Yehezkiel 44:3

"Kepada raja, di manapun ia duduk, boleh ia makan roti di sana; tetapi hanya di serambi luar ia boleh masuk, dan pintu gerbangnya haruslah tertutup sesudah ia masuk dan sesudah ia keluar."
Gerbang Masuk Yang Kudus
Ilustrasi gerbang kuil dengan sosok raja memasuki area luar.

Kitab Yehezkiel seringkali menggambarkan visi tentang bait Allah yang dipulihkan. Salah satu aspek yang ditekankan adalah kekudusan dan keteraturan dalam penyembahan kepada Tuhan. Ayat Yehezkiel 44:3, khususnya, menyoroti aturan spesifik mengenai siapa saja yang boleh memasuki dan bagaimana mereka harus berperilaku di dalam area bait Allah.

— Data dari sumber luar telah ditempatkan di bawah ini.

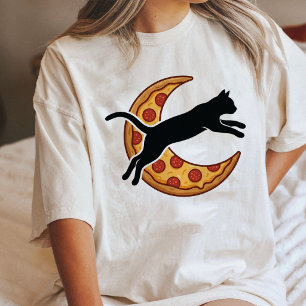 Katze Pizza Mond Silhouette Design Tri-Blend Shirt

Ayat ini menyatakan, "Kepada raja, di manapun ia duduk, boleh ia makan roti di sana; tetapi hanya di serambi luar ia boleh masuk, dan pintu gerbangnya haruslah tertutup sesudah ia masuk dan sesudah ia keluar." Perintah ini memberikan wawasan penting mengenai status dan akses raja di hadapan Tuhan, bahkan dalam konteks keagamaan. Meskipun raja memiliki otoritas yang tinggi di dunia, di hadapan kekudusan Tuhan, ada batasan yang harus dihormati.

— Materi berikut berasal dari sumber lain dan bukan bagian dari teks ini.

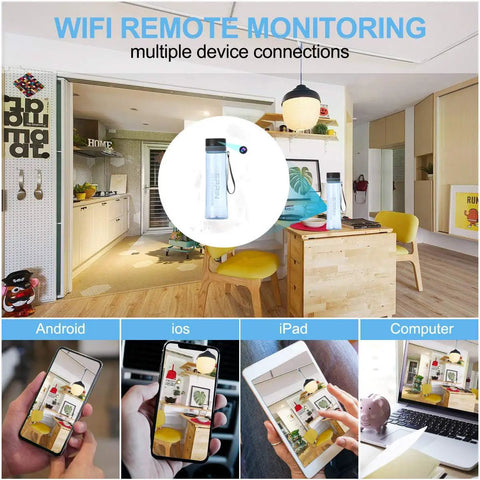 Stealthy Hidden Spy Camera Water Bottle HD 1080P Portable WiFi Cam With Phone App Remote Viewing shows kitchen scene
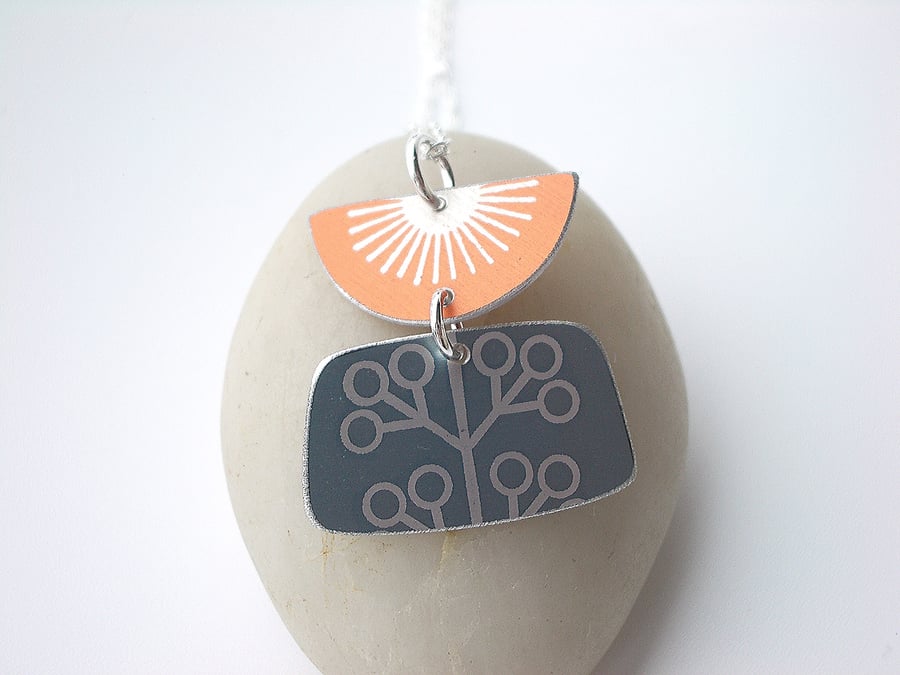 Orange retro flower pendant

Poin krusial dari ayat ini adalah pembatasan akses. Raja diperbolehkan untuk makan roti, sebuah tindakan yang seringkali menyiratkan partisipasi atau penerimaan, namun hanya di "serambi luar." Ini berarti ia tidak diizinkan masuk ke area yang lebih suci di dalam bait Allah. Batasan ini menunjukkan bahwa bahkan pemimpin tertinggi pun harus mengakui kesucian Tuhan yang luar biasa. Yerusalem yang baru dan bait Allah yang digambarkan Yehezkiel adalah tempat kehadiran Tuhan yang murni, dan tidak semua orang, terlepas dari status duniawinya, dapat dengan sembarangan memasuki ruang-ruang paling kudus.

Selain itu, instruksi agar "pintu gerbangnya haruslah tertutup sesudah ia masuk dan sesudah ia keluar" menekankan pentingnya keteraturan dan penjagaan terhadap kesucian tempat tersebut. Penutupan pintu gerbang setelah raja masuk dan keluar berfungsi sebagai simbol bahwa akses ke hadirat Tuhan bukanlah sesuatu yang bisa dianggap remeh atau selalu terbuka bagi semua orang setiap saat. Ada waktu dan cara yang tepat untuk mendekat kepada Tuhan, bahkan bagi mereka yang memiliki kedudukan istimewa.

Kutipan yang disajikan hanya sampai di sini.